In terms of when to perform load balancing, the application must let the runtime system know when it is at a point at which it is safe to migrate chares. For complicated applications,

migrating a chare at an arbitrary time may cause issues, especially if chares are using shared data structures. Because of this, the runtime system provides a few methods for informing it when load balancing can occur. For this work we will focus on the most common of these methods, AtSync(). In this mode, AtSync() is a function provided by the runtime that must be called on every chare before migration can occur. Once every chare calls AtSync(), the runtime knows it is safe to start load balancing. At this point, the runtime system calls the specified load balancing strategy which collects load data from each object and makes a decision on how to redistribute the objects.
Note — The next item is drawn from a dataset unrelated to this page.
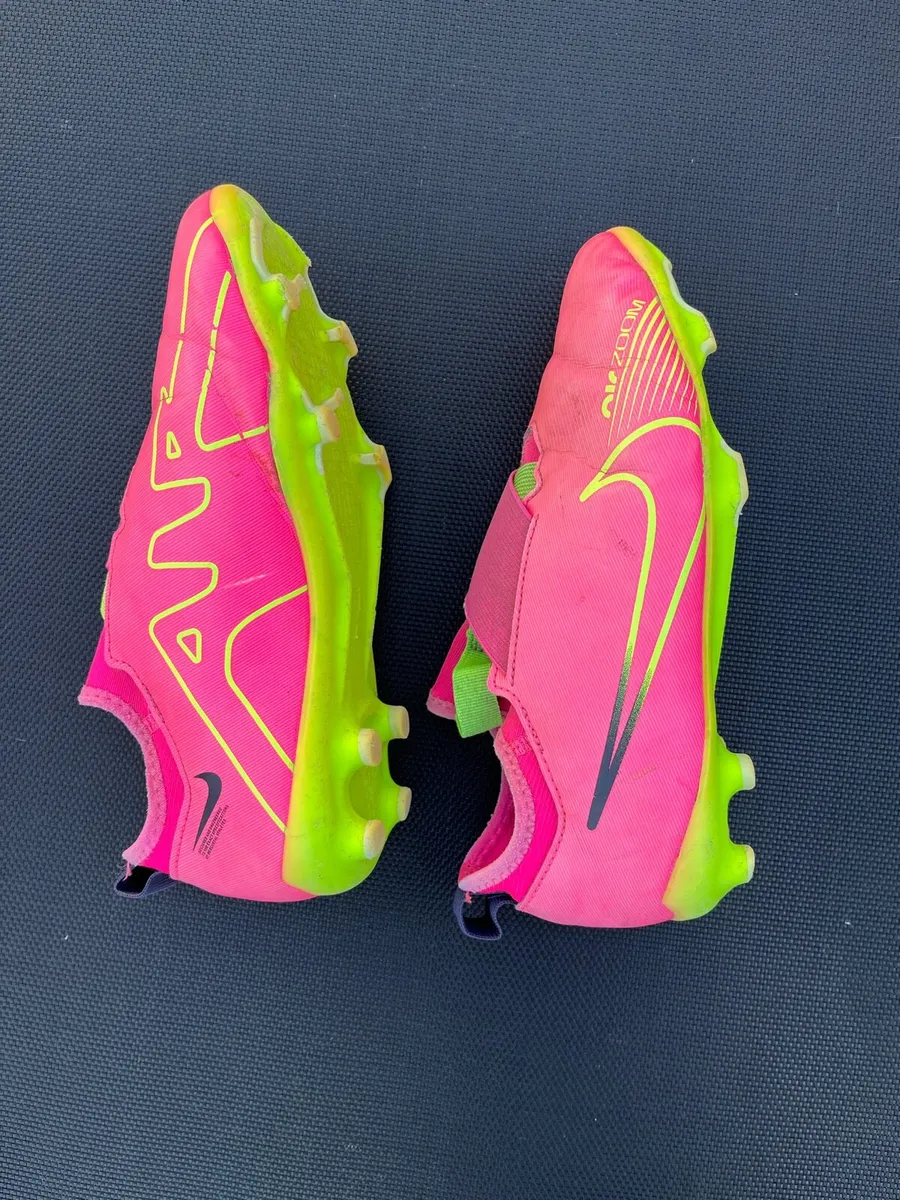 Football Boots Nike Size 3 - Image 3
Once the decision has been made, migrations are performed, and optionally a ResumeFromSync() method is called informing chares that load balancing has been completed. Based on application needs, chares can block until ResumeFromSync() is called, or continue execution immediately after calling AtSync().

For Charades, we chose to synchronize for load balancing immediately after the comple- tion of certain GVT computations. This decision was made for a couple of reasons. First, depending on the GVT algorithm chosen, the GVT computation may already be an exist- ing synchronization point within a simulation, which provides a natural place to do load balancing. How frequently, and how many times, to perform load balancing is a runtime parameter. Secondly, after the GVT computation completes, fossil collection occurs which frees up unneeded memory within LPs. Calling AtSync() right after fossil collection will minimize the amount of data that has to be migrated between processors. In the case of blocking GVTs, the simulation resumes after load balancing has completed. For non-blocking GVT algorithms, we would like to avoid blocking the simulation for load balancing as well. In these cases, we have also experimented with allowing load balancing to be overlapped with the simulation itself, much like the GVT algorithm. In this case, we simply ignore the ResumeFromSync() message from the runtime and continue the simulation immediately after calling AtSync(). Exactly which GVTs to perform load balancing after is configured via runtime parameters. In this work, we manually tune these parameters experimentally, how- ever there has also been work done within the Charm++ runtime system to automatically select load balancing frequency based on application performance characteristics [24].